Lately I have been pondering the many challenges gardeners face in a rapidly changing world. It’s not just the climate that’s changing, its also the social and environmental issues that we cannot ignore. Rainfall is unreliable, we are experiencing extreme weather spikes, population growth is placing higher demands on natural resources, the footprint of a house takes up almost the whole building envelope, and there is less and less green space to allow kids and adults to unwind.
It all sounds a bit grim, but one has to remember the innovations that help us to garden smarter with less of an impact on available resources. There are advanced grey water systems, above and underground rainwater tanks, clever plant breeding, accessible soil amendments and mulches and a huge range of climate-matched plants. Its interesting to see many ‘Nana’ plants making a presence in gardens again and it got me thinking about my own Nan and the challenges she would have faced in her lifetime of gardening.

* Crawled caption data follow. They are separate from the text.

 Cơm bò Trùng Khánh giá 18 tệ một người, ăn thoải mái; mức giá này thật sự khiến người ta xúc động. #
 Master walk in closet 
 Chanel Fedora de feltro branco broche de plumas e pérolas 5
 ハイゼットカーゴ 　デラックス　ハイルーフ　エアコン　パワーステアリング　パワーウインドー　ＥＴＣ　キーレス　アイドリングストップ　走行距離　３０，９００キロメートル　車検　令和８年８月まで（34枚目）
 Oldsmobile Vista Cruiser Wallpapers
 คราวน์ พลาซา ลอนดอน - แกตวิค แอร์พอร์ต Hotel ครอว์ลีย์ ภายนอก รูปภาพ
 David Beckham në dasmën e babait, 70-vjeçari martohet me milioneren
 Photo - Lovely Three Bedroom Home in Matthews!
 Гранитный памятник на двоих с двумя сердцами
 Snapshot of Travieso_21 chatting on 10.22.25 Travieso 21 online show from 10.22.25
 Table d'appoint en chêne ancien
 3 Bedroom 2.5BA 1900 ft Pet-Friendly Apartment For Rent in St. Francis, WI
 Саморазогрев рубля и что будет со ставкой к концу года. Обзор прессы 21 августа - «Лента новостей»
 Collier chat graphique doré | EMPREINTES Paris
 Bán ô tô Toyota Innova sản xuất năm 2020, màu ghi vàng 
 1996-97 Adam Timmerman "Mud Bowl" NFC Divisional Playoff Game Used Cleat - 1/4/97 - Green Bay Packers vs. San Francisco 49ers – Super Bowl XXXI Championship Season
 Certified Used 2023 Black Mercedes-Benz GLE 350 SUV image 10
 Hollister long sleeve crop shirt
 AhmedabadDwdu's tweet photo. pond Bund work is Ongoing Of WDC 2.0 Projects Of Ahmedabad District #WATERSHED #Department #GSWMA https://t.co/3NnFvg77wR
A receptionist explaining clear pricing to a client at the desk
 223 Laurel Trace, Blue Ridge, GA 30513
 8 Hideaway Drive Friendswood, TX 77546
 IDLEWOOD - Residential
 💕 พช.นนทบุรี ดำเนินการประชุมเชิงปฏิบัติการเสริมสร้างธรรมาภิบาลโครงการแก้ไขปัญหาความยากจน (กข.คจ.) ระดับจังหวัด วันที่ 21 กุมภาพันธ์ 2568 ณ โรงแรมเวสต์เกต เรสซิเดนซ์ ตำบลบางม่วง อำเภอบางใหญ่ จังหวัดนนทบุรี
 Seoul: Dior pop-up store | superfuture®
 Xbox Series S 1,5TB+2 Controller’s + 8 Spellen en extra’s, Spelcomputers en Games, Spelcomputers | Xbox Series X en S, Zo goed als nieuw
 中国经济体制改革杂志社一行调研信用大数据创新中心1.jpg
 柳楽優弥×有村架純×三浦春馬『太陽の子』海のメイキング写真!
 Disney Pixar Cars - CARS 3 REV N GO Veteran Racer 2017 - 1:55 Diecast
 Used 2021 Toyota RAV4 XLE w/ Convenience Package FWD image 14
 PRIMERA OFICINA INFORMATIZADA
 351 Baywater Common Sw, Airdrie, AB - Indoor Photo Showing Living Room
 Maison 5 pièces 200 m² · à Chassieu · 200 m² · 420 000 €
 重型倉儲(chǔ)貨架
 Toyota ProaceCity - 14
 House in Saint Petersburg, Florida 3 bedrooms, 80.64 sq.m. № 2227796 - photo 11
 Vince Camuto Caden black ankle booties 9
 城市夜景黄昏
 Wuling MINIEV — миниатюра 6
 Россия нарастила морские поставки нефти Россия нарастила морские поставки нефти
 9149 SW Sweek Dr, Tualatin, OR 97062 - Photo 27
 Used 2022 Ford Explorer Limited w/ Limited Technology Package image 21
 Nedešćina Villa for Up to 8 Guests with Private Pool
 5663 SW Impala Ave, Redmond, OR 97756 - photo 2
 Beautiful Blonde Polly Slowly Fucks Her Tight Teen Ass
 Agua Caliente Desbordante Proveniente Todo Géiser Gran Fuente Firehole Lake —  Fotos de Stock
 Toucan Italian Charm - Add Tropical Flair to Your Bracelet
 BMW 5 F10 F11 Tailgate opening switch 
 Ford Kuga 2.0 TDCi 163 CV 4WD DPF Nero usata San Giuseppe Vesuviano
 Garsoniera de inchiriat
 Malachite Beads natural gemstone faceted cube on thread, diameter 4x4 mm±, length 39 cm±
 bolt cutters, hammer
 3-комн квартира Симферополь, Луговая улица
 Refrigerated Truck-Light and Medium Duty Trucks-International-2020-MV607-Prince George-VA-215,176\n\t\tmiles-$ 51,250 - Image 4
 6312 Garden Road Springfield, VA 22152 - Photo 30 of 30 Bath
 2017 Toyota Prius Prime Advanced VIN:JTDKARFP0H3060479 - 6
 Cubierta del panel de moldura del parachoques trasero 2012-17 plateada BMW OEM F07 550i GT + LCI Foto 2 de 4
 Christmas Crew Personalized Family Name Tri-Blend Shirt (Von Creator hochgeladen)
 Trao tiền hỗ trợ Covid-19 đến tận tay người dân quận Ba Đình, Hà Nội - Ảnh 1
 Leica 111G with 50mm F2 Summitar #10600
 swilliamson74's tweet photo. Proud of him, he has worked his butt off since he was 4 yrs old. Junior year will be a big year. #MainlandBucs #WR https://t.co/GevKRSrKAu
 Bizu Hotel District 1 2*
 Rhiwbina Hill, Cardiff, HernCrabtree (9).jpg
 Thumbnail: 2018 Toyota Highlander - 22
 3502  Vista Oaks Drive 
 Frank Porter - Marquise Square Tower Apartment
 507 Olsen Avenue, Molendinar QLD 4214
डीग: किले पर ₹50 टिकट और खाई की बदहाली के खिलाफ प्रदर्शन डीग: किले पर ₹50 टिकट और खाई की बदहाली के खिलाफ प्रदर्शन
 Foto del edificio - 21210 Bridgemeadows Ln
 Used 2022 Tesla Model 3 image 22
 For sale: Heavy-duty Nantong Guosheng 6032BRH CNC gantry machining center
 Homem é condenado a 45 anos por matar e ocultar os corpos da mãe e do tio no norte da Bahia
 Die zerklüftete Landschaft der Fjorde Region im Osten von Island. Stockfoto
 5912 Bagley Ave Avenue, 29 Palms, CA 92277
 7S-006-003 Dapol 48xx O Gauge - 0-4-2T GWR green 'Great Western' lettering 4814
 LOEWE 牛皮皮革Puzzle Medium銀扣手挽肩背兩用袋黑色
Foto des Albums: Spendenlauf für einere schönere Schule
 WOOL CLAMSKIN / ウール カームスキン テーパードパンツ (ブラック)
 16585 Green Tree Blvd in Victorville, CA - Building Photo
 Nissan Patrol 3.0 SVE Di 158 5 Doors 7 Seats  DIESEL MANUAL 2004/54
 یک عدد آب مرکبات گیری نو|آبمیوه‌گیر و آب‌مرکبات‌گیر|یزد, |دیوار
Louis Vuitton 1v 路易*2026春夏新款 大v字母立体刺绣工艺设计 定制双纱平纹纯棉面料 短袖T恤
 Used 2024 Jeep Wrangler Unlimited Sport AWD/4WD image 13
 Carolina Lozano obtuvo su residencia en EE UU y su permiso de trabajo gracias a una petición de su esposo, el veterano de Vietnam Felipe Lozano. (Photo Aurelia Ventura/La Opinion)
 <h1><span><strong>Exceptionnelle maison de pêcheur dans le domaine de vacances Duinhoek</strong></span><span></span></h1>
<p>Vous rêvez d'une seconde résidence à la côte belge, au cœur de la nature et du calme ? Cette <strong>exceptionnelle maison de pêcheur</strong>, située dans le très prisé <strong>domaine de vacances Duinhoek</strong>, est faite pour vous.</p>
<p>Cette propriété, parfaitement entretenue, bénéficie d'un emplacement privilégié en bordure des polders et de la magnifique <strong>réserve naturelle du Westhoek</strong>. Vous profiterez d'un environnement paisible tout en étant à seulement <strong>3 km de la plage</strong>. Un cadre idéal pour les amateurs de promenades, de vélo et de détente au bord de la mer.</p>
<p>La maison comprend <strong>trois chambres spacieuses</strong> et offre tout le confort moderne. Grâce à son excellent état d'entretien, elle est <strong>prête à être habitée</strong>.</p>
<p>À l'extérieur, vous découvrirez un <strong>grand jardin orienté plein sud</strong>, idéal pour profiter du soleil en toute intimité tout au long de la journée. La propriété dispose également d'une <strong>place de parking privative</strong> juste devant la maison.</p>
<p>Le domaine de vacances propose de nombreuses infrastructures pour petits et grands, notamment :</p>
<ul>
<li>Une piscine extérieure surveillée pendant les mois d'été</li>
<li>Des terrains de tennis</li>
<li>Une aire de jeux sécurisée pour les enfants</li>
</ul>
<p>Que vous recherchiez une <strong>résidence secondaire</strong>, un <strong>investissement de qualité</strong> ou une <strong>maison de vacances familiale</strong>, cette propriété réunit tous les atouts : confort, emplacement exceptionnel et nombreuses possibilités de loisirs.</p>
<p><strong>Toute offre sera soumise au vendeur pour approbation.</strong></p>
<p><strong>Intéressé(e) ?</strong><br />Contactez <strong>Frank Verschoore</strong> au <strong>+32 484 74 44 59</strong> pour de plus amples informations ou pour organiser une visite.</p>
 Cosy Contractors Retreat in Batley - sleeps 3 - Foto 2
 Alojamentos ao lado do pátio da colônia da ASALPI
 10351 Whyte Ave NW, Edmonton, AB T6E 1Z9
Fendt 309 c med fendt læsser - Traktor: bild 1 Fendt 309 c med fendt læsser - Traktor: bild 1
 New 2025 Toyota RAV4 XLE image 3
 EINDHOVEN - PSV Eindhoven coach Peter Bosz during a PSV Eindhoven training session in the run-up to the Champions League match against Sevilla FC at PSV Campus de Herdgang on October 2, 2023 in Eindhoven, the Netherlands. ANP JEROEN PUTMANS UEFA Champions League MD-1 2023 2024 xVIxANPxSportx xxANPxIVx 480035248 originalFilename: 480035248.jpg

Thankfully I have my Nan’s 1916 copy of ‘The Australian Gardener” by F.H. Brunning and it makes great reading. There are many references to how to economise on water because everyone who lived in the country totally relied on rain water. There are great illustrations on how to grow plants from cuttings, how to save seed and store it for the following year and how to graft just about anything. People actually spent very little on the garden because they did everything themselves. Pest control in 1916 was a bit alarming though. Arsenic, kerosene, nicotine, linseed cake and something called Manurial Insecticide was recommended regularly.
Kitchen gardens were to be situated “as near as it may be convenient, so that communication with the kitchen and the stables may be made with facility.” Brunning gives out a serve to careless gardeners who do not do the required reading to for the “proper time and manner of sowing seed, blaming the seedsman for their non success.” Sound familiar?
There was a great push for people to grow their own food and tend their gardens, not just because of food shortages during the war years, but for the benefit of the whole community. In the words of Brunning “The brightness and beauty of flowers is a mental uplift in these drab wartime days while, if we grow our own vegetables, we not only live better, but live cheaper.”
Gardens have been healing the heart, mind and spirit for many years.